Using the Orthocenter we can divide triangle ABC into 3 smaller triangles. See below.

We now have 4 triangles to study and compare. The original being triangle ABC and the other 3 triangles formed using H are: AHC, CHB, and AHB.

The question: How are these 3 triangles formed by using the Orthocenter similar? different?

__MORE
ORTHOCENTERS:__

Find the Orthocenter of
triangle HBC (shaded gray) - labeled **h1**
and happens to be located on vertex point A of the original triangle
ABC.

Find the Orthocenter of
triangle AHB (shaded yellow) - labeled **h2** and
happens to be located on the vertex point C of the original triangle
ABC.

Find the Orthocenter of
triangle HAC (shaded green) - labeled **h3 **and happens to be located on the vertex
point B of the original triangle ABC.

Thus, each of the 3 triangles formed by using H, the Orthocenter, of the original triangle ABC, has their Orthocenter located on a vertex point (A, B or C).

How else can we compare these 3 triangles?

The circumcircle for triangle ABC is shown below, as well as H, the Orthocenter, and the Circumcenter of triangle ABC.

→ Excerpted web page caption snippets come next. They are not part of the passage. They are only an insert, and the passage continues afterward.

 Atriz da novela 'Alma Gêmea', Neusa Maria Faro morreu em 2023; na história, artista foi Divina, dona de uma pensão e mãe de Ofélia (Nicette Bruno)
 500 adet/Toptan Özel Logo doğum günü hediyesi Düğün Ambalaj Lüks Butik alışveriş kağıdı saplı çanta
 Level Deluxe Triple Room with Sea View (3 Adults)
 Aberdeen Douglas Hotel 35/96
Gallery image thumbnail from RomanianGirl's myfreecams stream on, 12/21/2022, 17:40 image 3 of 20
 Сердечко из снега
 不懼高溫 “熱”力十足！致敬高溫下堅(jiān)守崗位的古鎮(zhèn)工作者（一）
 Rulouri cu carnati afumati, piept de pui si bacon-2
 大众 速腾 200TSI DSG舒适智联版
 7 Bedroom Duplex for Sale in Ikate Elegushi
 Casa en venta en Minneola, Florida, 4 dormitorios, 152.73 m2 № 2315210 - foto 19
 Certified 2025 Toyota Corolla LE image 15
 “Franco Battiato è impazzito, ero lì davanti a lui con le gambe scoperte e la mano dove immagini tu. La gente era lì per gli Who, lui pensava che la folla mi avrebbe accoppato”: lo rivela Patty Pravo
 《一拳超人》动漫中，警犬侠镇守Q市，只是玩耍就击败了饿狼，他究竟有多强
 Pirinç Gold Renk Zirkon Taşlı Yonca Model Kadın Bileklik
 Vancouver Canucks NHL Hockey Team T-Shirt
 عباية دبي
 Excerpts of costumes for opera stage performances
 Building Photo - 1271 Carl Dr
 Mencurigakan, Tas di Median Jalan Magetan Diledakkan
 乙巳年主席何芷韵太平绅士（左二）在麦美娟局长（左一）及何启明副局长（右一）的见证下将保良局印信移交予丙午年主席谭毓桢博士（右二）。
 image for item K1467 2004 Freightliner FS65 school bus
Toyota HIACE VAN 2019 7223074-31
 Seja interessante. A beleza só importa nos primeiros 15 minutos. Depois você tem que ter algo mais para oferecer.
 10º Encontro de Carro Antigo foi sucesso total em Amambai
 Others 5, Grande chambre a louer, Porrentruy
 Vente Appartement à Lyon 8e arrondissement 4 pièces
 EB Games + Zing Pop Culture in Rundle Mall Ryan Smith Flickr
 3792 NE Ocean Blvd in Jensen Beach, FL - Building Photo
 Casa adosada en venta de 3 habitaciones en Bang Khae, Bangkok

The circumcircle for triangle HBC is shown below along with the Circumcenter of triangle HBC.

The circumcircle for triangle HAB is shown below along with the Circumcenter of triangle HAB.

The circumcircle for triangle HAC is shown below along with the Circumcenter of triangle HAC.

*Note
that the areas and the circumferences of all four of these circumcircles
are equal -*

*Area
= 33.72 square cm. and Circumference = 20.58 cm for all of them.*

*Thus
all four of the triangles are similar.*

__Looking
at the BIG PICTURE.__

We can look at all 4 of the circumcircles overlaid onto triangle ABC. Note the intersection points of these 4 circumcircles: 3 circles intersect at each of the vertex points of triangle ABC.

For instance, CC of HAC and CC of HCB intersect with CC of ABC at vertex point C.

CC of HCB and CC of HAB intersect CC of ABC at vertex point B.

CC of HAB and CC of HAC intersect CC of ABC at vertex point A.